Por suerte, no se canceló el concierto que Pedro Luis Ferrer, el más inaudible de los grandes trovadores vivos cubanos, tenía previsto en la noche del sábado 28 de febrero. No solo no se canceló, sino que el teatro quedó repleto con todos los que solo conocían al cantante, guitarrista, tresero y compositor, merced a la distribución samizdat. Ferrer estaba eufórico y amable: iniciaba ahí su primera gira nacional tras eternos años de prohibición, y con desacostumbrada puntualidad –cortesía que se echa de menos en muchos artistas- cantó heroicamente por dos horas. Los camagüeyanos lo ovacionaron.

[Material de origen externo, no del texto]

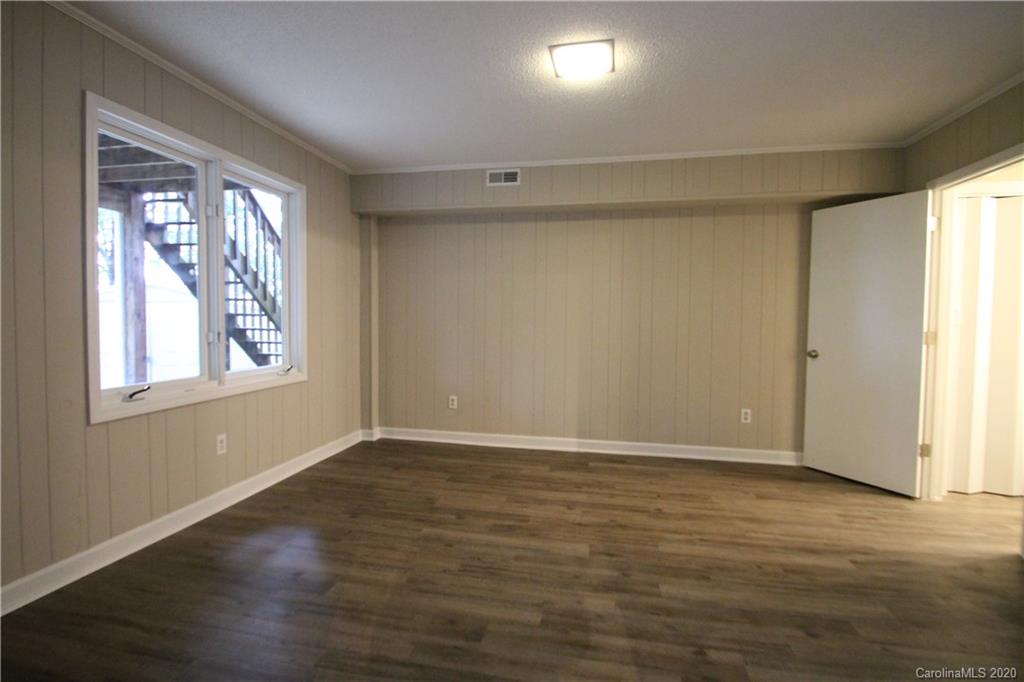 28006 Marina Drive, Unit 6 Tega Cay, SC 29708 - Photo 14 of 32 a view of an empty room with wooden floor and a window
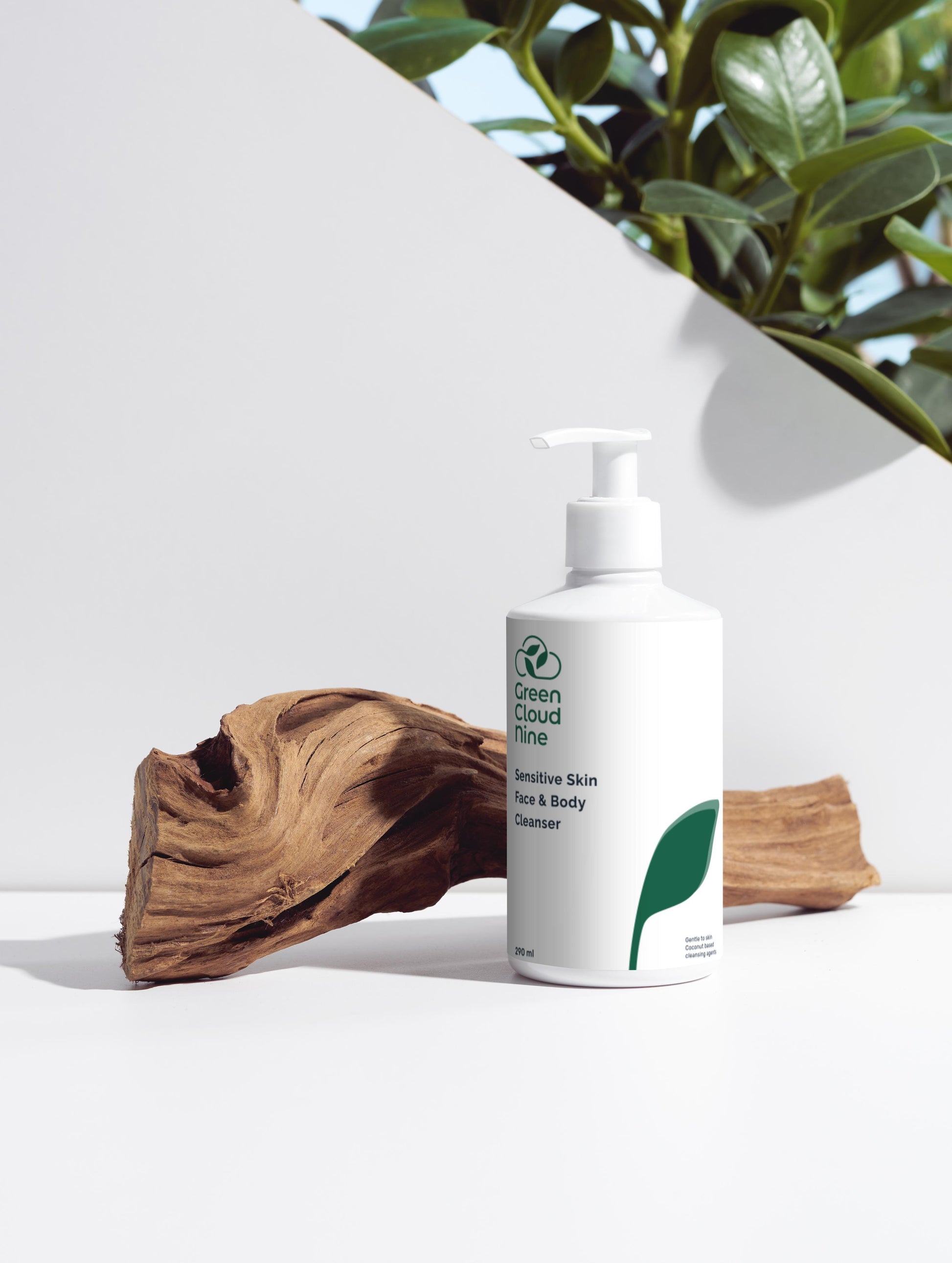 Sensitive Skin Face & Body Cleanser with Green Cloud Nine logo. White pump on a white background with plants and wood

La oreja peluda de la censura –a la que Ferrer le dedicó parte de sus comentarios al público- solo se hizo notar por el hecho de que le concedieran para actuar un espacio de infelices condiciones técnicas, y no el Teatro Principal, que es insignia de la ciudad. Los censores todavía cantan, parece que intentaron decir.
Henry Constantín Ferreiro.
Periodista, escritor y fotógrafo.
Expulsado de los estudios de Periodismo en dos ocasiones, ambas por problemas políticos.
Único representante de Cuba en el II Concurso Hispanoamericano de Ortografía Bogotá‘2001.
Graduado del Curso de Técnicas Narrativas del Centro Onelio Jorge Cardoso.
Colaborador de la revista Convivencia.
Textos suyos han sido publicados en medios de prensa cubanos, incluso oficiales.
Hace el weblog Reportes de viaje (www.vocescubanas.comReportes de viaje).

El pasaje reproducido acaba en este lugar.